In The Lion and the Jewel, Wole Soyinka conveys the struggles for control between two women and two men in rural Nigeria. Two closely related themes structure these conflicts. One is the interplay between gender and power, and the other is the conflict between modernity and tradition.
Soyinka’s exploration of gender as a key factor in power is linked to the characters’ marital possibilities. Lakunle’s ego convinces him that Sidi is certain to choose him, so he ignores the very evident power dynamics. Although Baroka (also called the Bale) is very different from Lakunle in many ways, both men make assumptions about male dominance. Neither Sidi nor Sadiku accepts the simplistic notion that men control every aspect of society, and they employ diverse methods of showing how much power they have.

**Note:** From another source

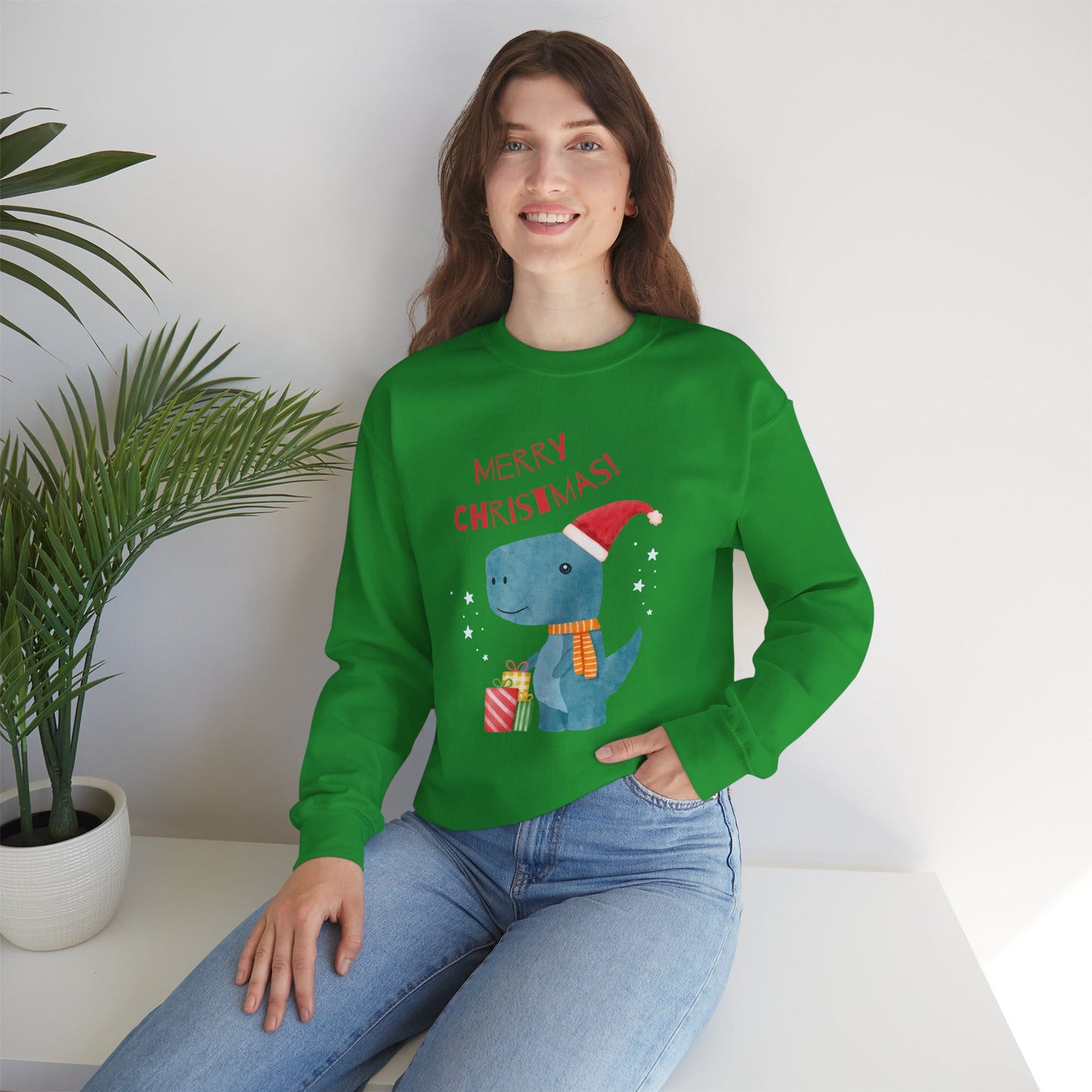 Merry Christmas Dino 🎄🦖🎁 Unisex Heavy Blend Crewneck Sweatshirt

The theme of modernity and tradition as competing forces was a prominent issue in Soyinka’s day. Lakunle is the primary representative of modernity, which the playwright presents as a mixed blessing. Sidi is a modern woman in many regards, but she also acutely perceives the benefits of traditional lifeways. Similarly, while the Bale embodies tradition, he is shown as open to those aspects of change that are likely to prove beneficial to him and many villagers. His senior wife, Sadiku, actively supports the traditional polygamous marriage and convinces Sidi to see its benefits. Sidi’s decision to choose Baroka over Lakunle, despite the older man's sexual assault, shows her view that women may have more advantates in traditional than modern marital arrangements.